— TASK DIRECTIONS —
Give the records again word for word. Leave every picture out.

— DATASET EXTRACT —
BEGIN

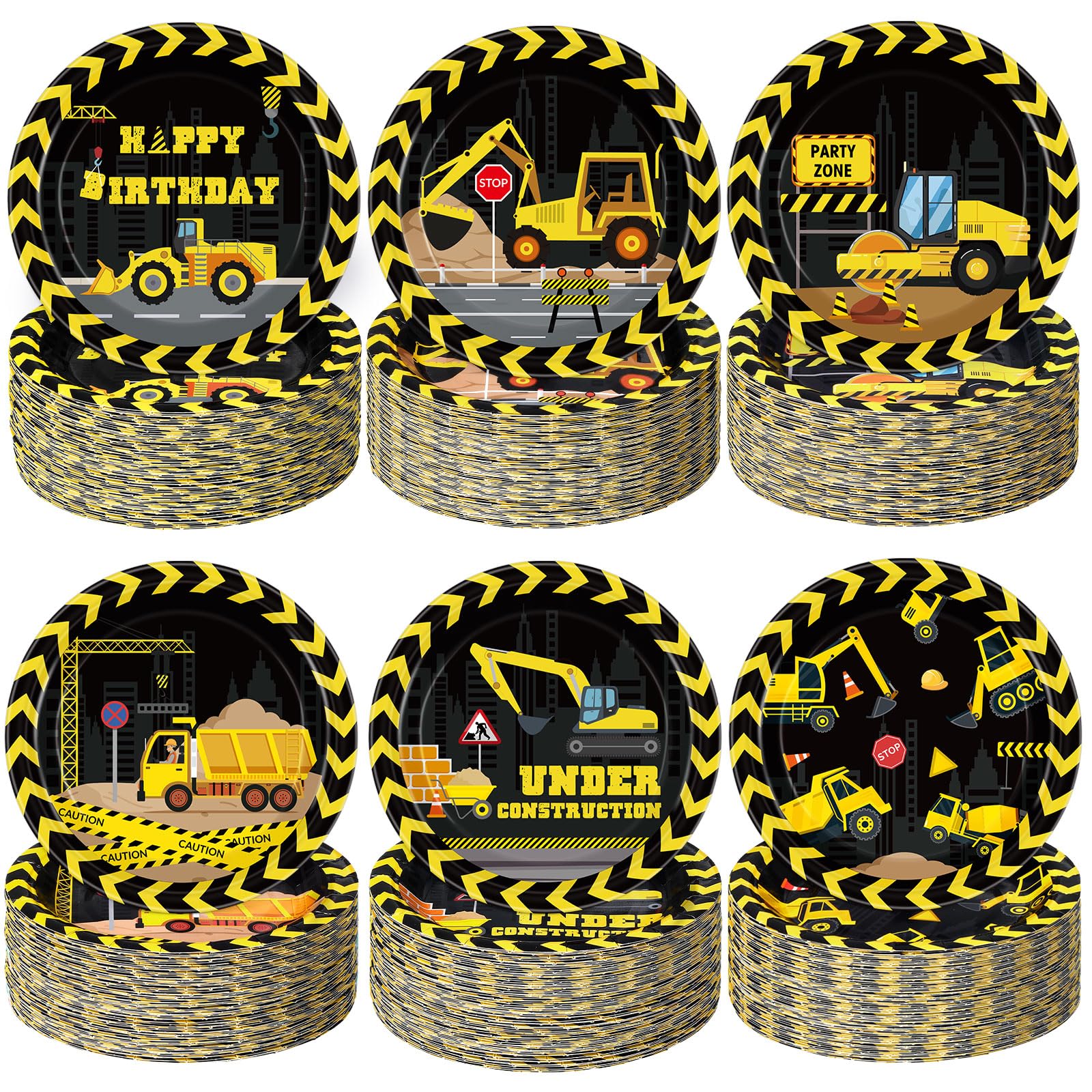 Funnymoom 60 Pcs Construction Birthday Party Decor 7 Inch Construction Cake Dessert Paper Plates Dump Truck Digger Vehicle Excavator Disposable Black
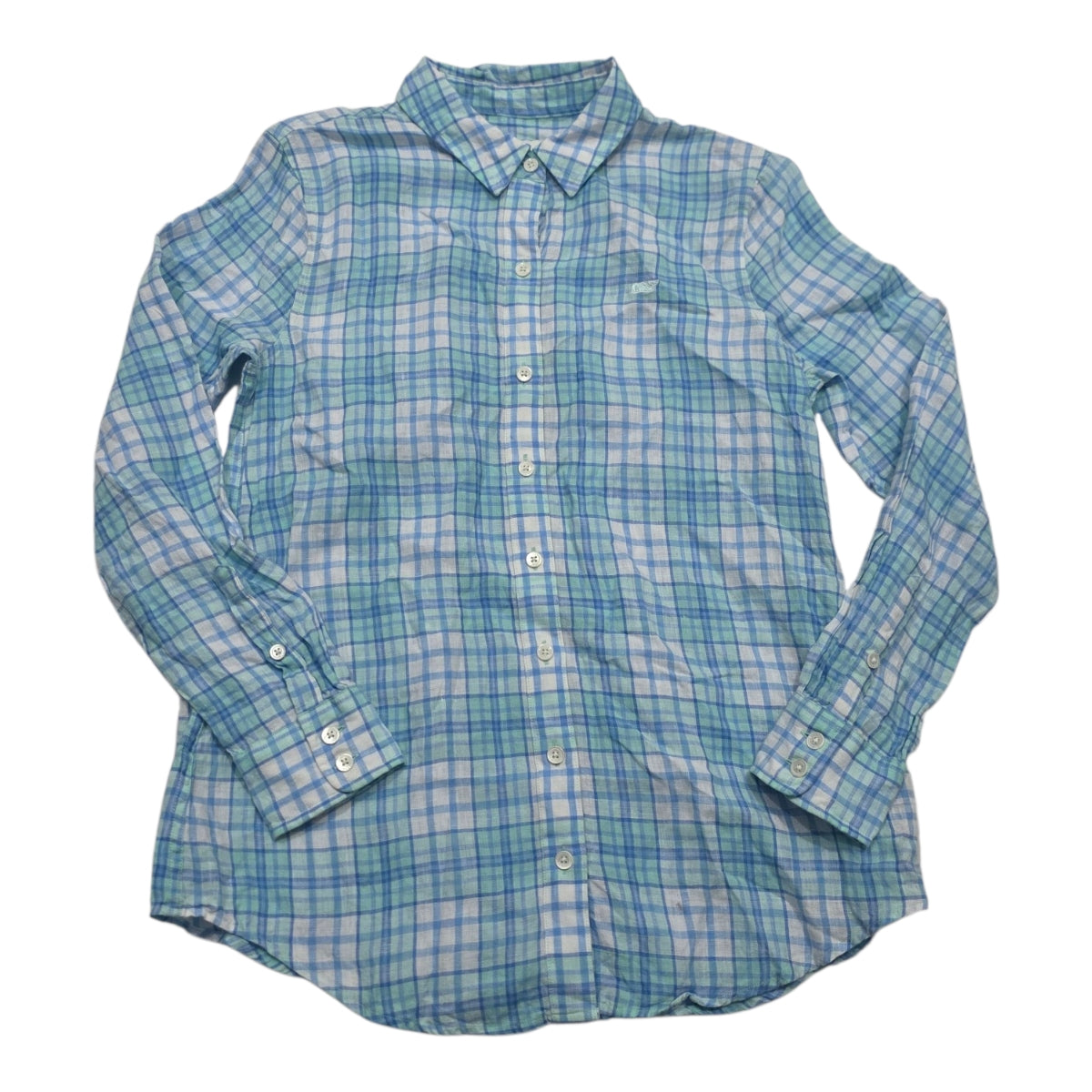 Camisa Vineyard Vines Relaxed Talla 2 Mujer Azul Cuadros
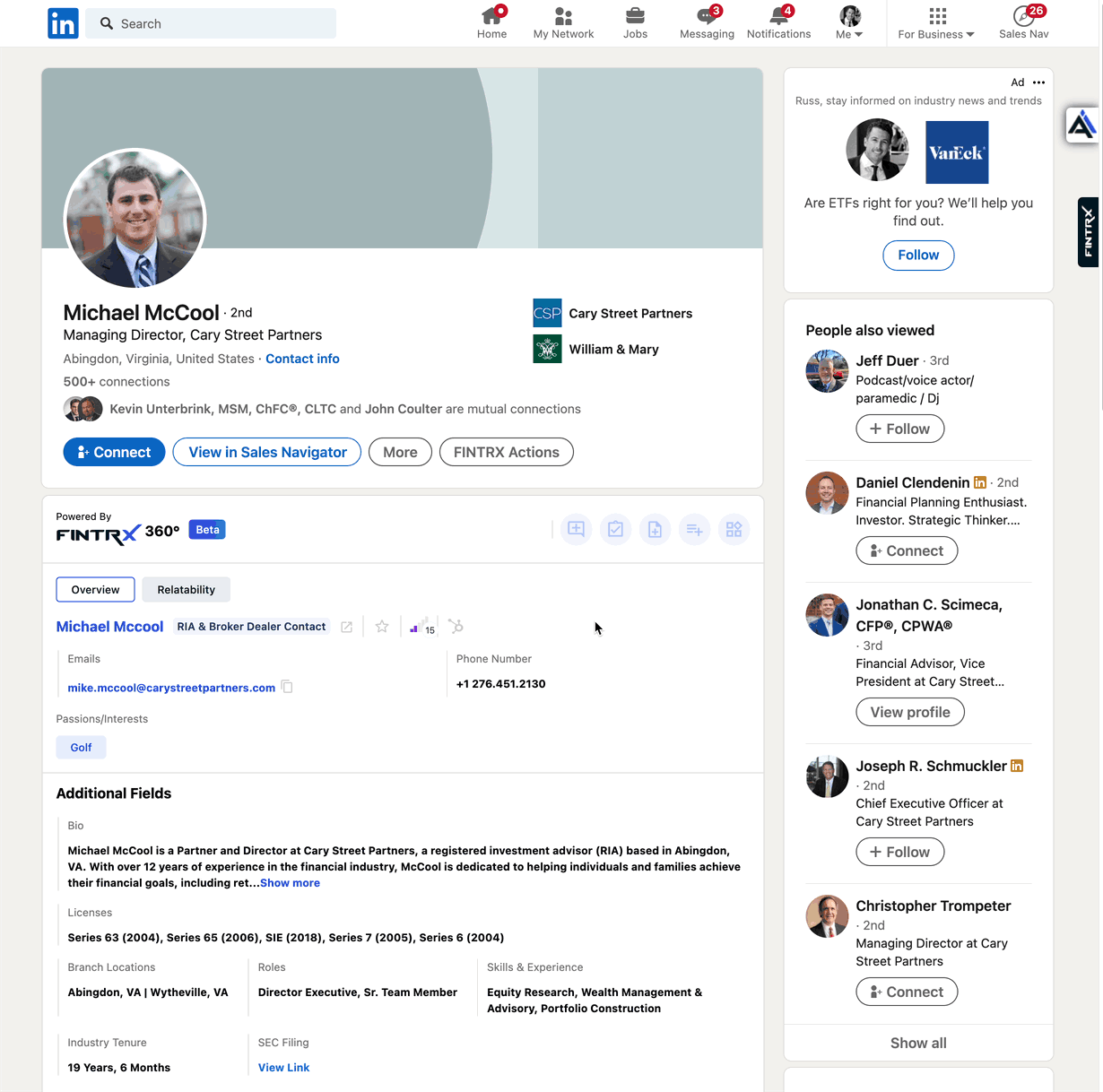 FINTRX 360 plugin displaying private wealth data inside a LinkedIn profile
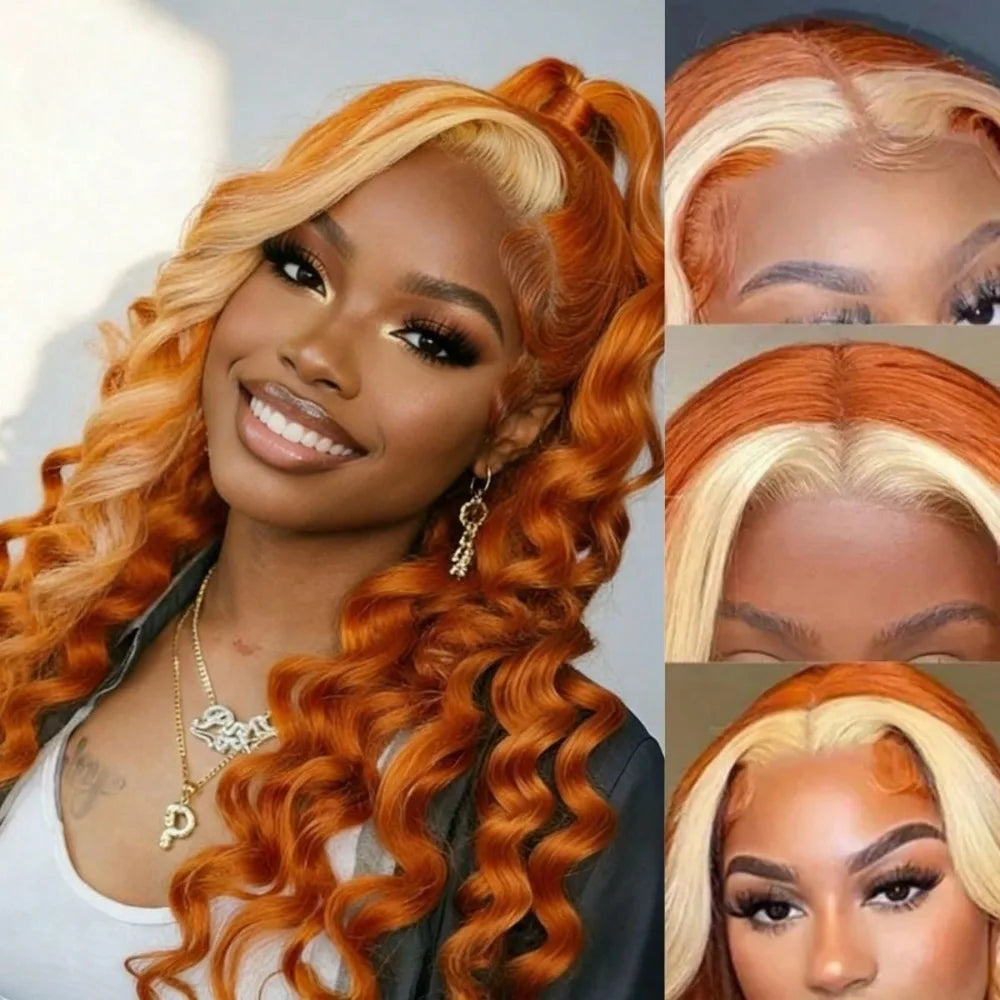 Highlight Orange Color Body Wave 13x4 Hd Lace Front Human Hair Wig Preplucked Deep Wave Ginger Lace Front Curly Wigs 200 Density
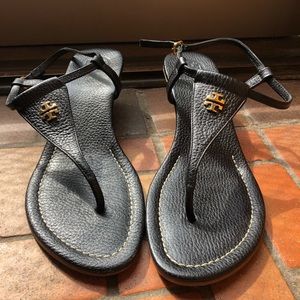 Tory Burch navy cork wedged sandals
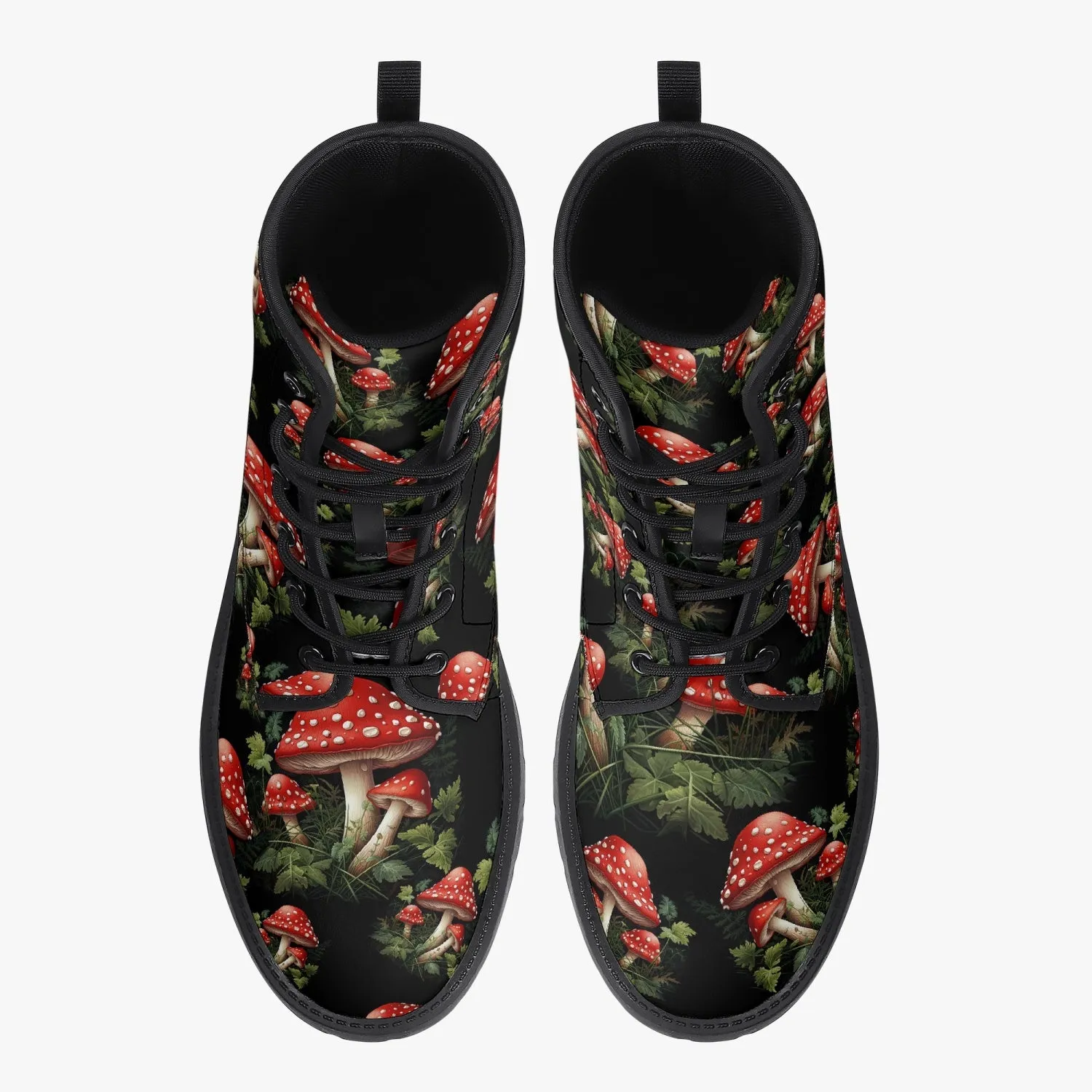 Mushroomcore Toadstool Combat Boots - Forestcore Boots (JPMUSH3)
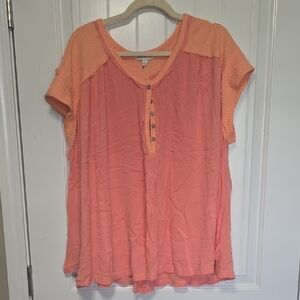 DAVI & DANI Peach Button-Front Blouse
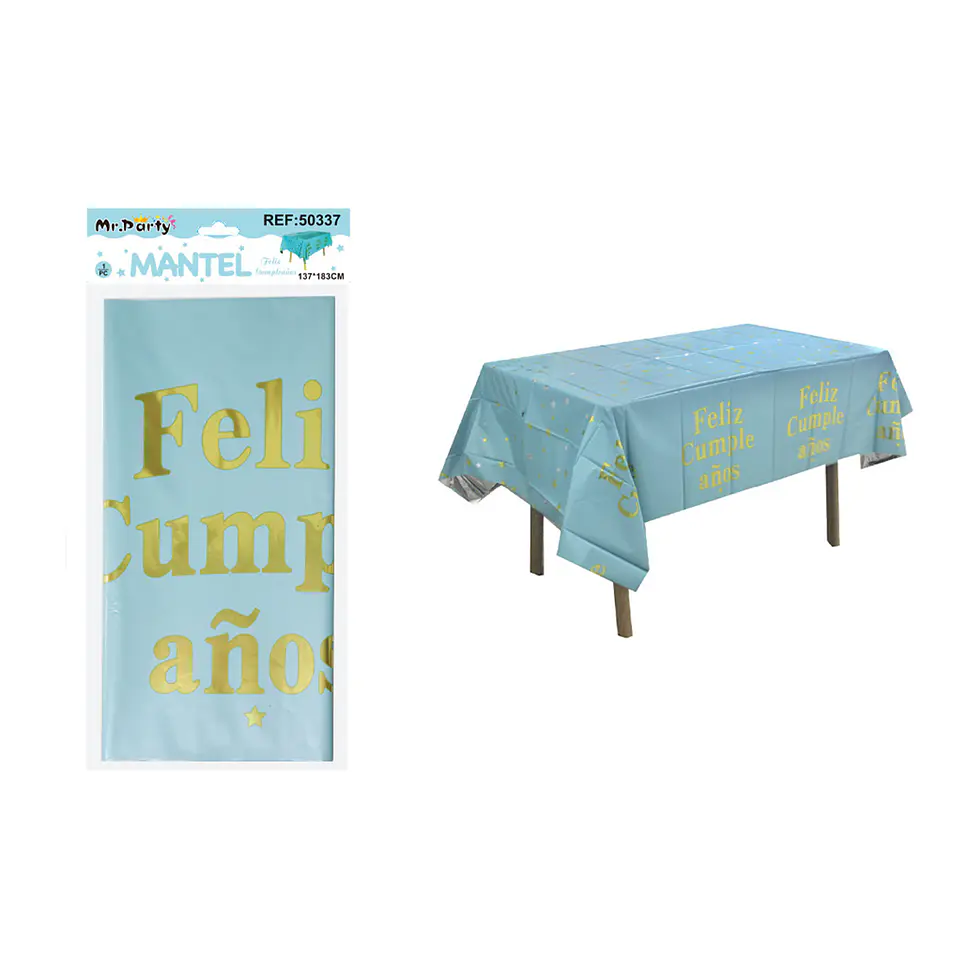 Mantel feliz cumpleaños celeste con estrella 137*183cm 1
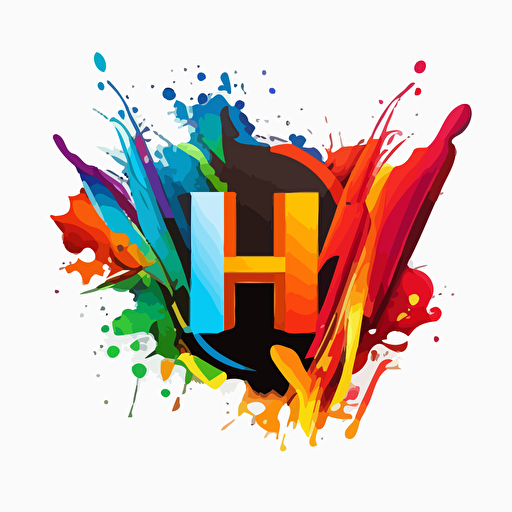 symbolic, iconic logo of A H , colorful vector, on white background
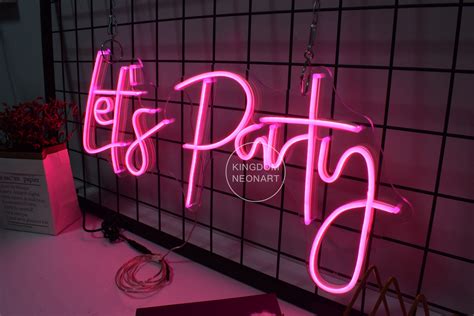 Lets Party Neon Sign Custom Neon Sign Wall Decor Led Etsy Neon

END

— ANSWER BOX —
 Funnymoom 60 Pcs Construction Birthday Party Decor 7 Inch Construction Cake Dessert Paper Plates Dump Truck Digger Vehicle Excavator Disposable Black
 Camisa Vineyard Vines Relaxed Talla 2 Mujer Azul Cuadros
 FINTRX 360 plugin displaying private wealth data inside a LinkedIn profile
 Highlight Orange Color Body Wave 13x4 Hd Lace Front Human Hair Wig Preplucked Deep Wave Ginger Lace Front Curly Wigs 200 Density
 Tory Burch navy cork wedged sandals
 Mushroomcore Toadstool Combat Boots - Forestcore Boots (JPMUSH3)
 DAVI & DANI Peach Button-Front Blouse
 Mantel feliz cumpleaños celeste con estrella 137*183cm 1
 symbolic, iconic logo of A H , colorful vector, on white background
 Lets Party Neon Sign Custom Neon Sign Wall Decor Led Etsy Neon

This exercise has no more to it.